(Captioned web images)
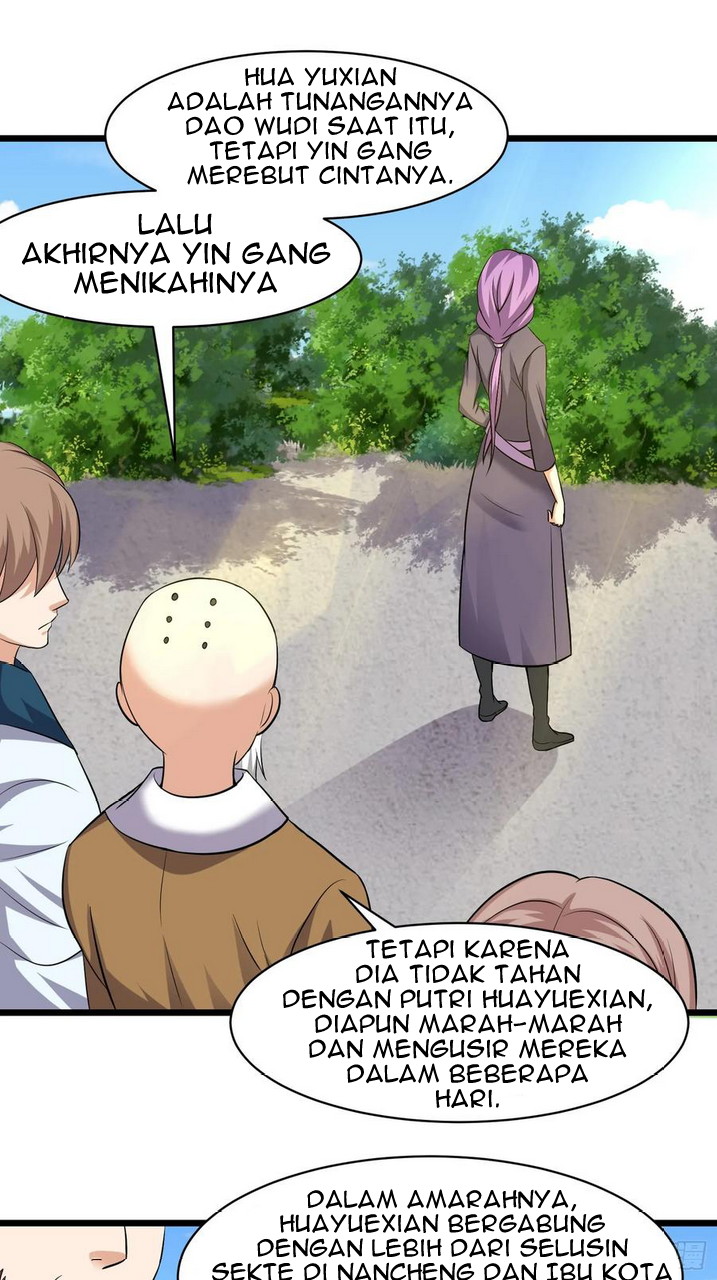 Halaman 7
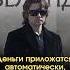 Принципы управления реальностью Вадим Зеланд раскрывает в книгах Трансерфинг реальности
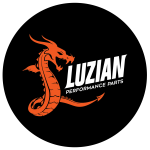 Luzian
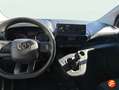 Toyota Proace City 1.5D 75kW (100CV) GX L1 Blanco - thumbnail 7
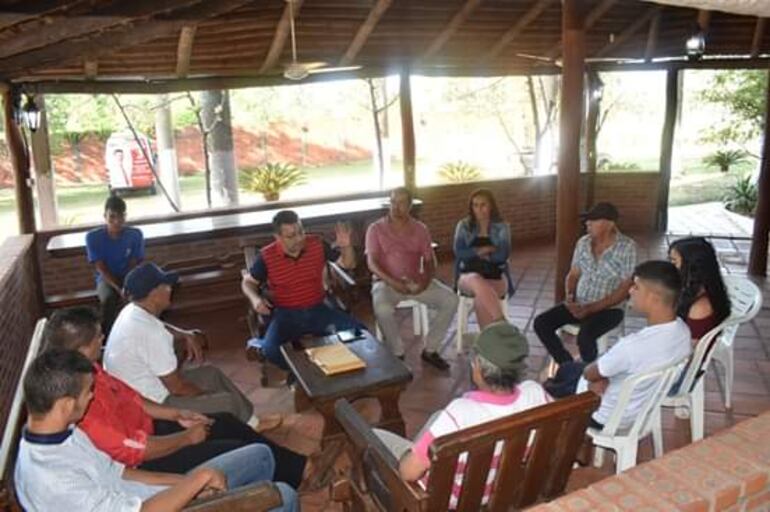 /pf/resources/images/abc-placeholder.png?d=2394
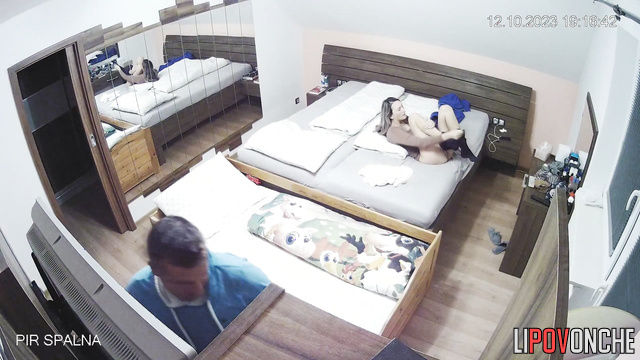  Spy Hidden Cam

> Assigned task
Leave out the pictures, then return every line of the data exactly.

> Output of the exercise
 Halaman 7
 Принципы управления реальностью Вадим Зеланд раскрывает в книгах Трансерфинг реальности
 Luzian
 Toyota Proace City 1.5D 75kW (100CV) GX L1 Blanco - thumbnail 7
 /pf/resources/images/abc-placeholder.png?d=2394
  Spy Hidden Cam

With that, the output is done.